Alexa Forbes

Personal information
- Born: 2 April 1961 (age 65) Darlington, England

Sport
- Sport: Rowing
- Club: Nottingham RC

Medal record
Rowing
Representing England
Commonwealth Games
| Gold medal – first place | 1986 Edinburgh | Ltw coxless four |

= Alexa Forbes =

British rower (born 1961)

Alexa Forbes (born 2 April 1961) is a British retired rower who competed at the 1984 Summer Olympics.

==Early life==
Born in Darlington, she grew up in Newark-on-Trent, the daughter of rower Brian Forbes, and sister of Stuart Forbes (rower).

==Rowing career==
Forbes was part of the eight, that won the national title rowing for Great Britain senior squad boat, at the 1981 National Championships. This led to selection for the 1981 World Rowing Championships in Munich. The following year she was part of the eight that won the national title, rowing for an A.R.A squad, at the 1982 National Rowing Championships. Subsequently she went to her second World Championships, rowing at the 1982 World Rowing Championships in Lucerne.

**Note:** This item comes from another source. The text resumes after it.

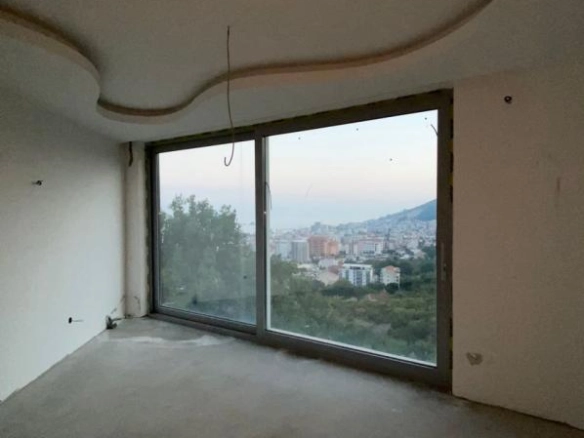 Kuća 400 m² u izgradnji sa terasom na krovu – Podmaine, Budva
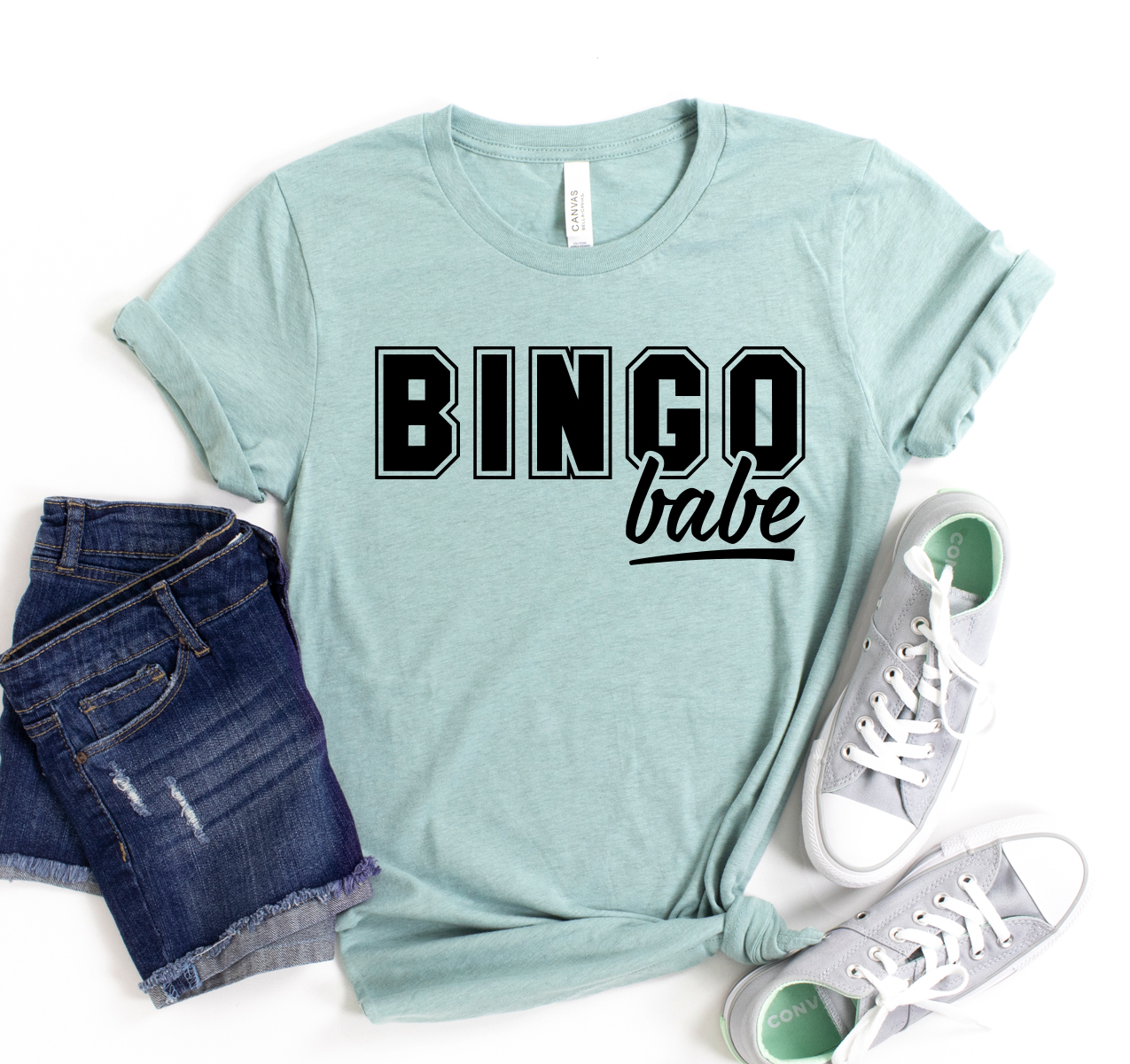 Bingo Babe T-shirt displayed on a hanger, showcasing its classic unisex design and soft fabric.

In 1984, she was selected to represent Great Britain in the women's eight event at the 1980 Olympics in Moscow. The team which consisted of Astrid Ayling, Ann Callaway, Gillian Hodges, Kate Holroyd, Belinda Holmes, Sarah Hunter-Jones, Kate McNicol and Sue Bailey (cox) finished in fifth place.

She represented England and won a gold medal in the lightweight coxless four, at the 1986 Commonwealth Games in Edinburgh, Scotland.